Intellettuale profetico

Laconico, spiega chiaramente le ragioni e i modi con cui negli ultimi 10 anni le politiche economiche in Italia abbiano di fatto favorito la rendita; non crede nell'euro ("un sogno napoleonico") e dopo essere stato consigliere del governatore della banca d'Italia Fazio diviene consigliere di un altro intellettuale -- profondo ed ansioso -- qual è Giulio Tremonti.

Ne diviene consigliere economico durante la lunga gestione di quest'ultimo delle finanze pubbliche italiane nel II e III Governo Berlusconi. E poi, nel IV Governo Berlusconi di fatto guidato dal professore di Sondrio.

Nel 2007 scrive la prefazione al libro di Caprotti Falce e Carrello sui privilegi delle cooperative nella grande distribuzione: ".. questo di Caprotti non è un libro di vile polemica politica, di quelle che ogni sera ci tocca di digerire solo aprendo la Tv... È piuttosto uno splendido trattato di economia, il cui criterio di verità è il bilancio di una vita. Chi lo leggerà, se onesto, se ne sentirà contagiato e infine persuaso".

E' fra i pochi a comprendere origini e portata della crisi finanziaria odierna, indotta da "quella perversione finita male che è la finanza americana".

E la spiega ai lettori non senza sottolineare la vacuità della scuola liberista italiana riunita alla Bocconi:

"Non meno fuori misura è stato peraltro l’economista Francesco Giavazzi che in Tv, sdegnato, coi capelli elettrici, s’è lamentato: che il governo non stia usando il superbo sapere degli economisti.

"Come se in questo cupo mestiere fossero da comprendersi solo se stesso e gli amici suoi, per cui il liberismo sarebbe di sinistra.

"Pure lui sdegnato poi da un’altra tragicomica scoperta: che Tremonti voglia rispettare i conti prestabiliti, non si contraddica, e dissenta da quella perversione finita male che è stato il prevalere della finanza americana.

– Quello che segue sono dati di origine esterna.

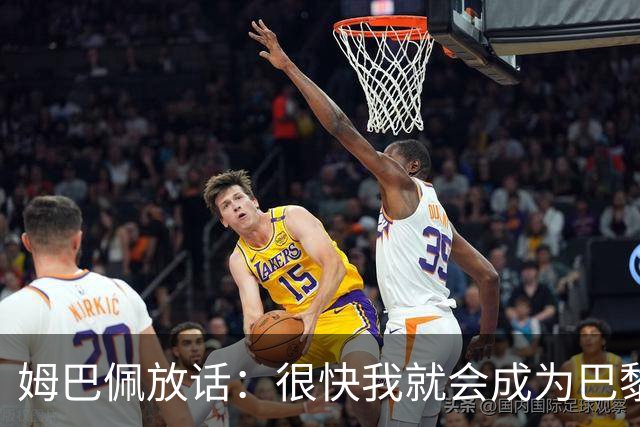 姆巴佩放话：很快我就会成为巴黎队史最佳射手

"La qual cosa pure lei ci conferma in una certezza: alla vanità ferita di economisti in desiderio di dare consigli, ma mai al di sopra delle parti, come ai titoli tragici, è meglio non badare".

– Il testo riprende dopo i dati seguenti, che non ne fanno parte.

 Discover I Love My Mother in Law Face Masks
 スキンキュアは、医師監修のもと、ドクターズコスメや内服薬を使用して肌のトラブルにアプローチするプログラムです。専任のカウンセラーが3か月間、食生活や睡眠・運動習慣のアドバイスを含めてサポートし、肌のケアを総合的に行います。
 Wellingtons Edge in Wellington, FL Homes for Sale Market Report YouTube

Risolta la prolungata crisi economica e sociale che dura dall'iinizio degli anni '90 con la cosiddetta "seconda Repubblica", l'Italia supererà infine le scorie dei pensieri totalitari che ne hanno avvelenato la storia per tutto il XX secolo.

Allora, ritroverà in Geminello Alvi un intellettuale profetico il cui pensiero guiderà l'azione di molti; soprattutto dei non economisti e dei non letterati.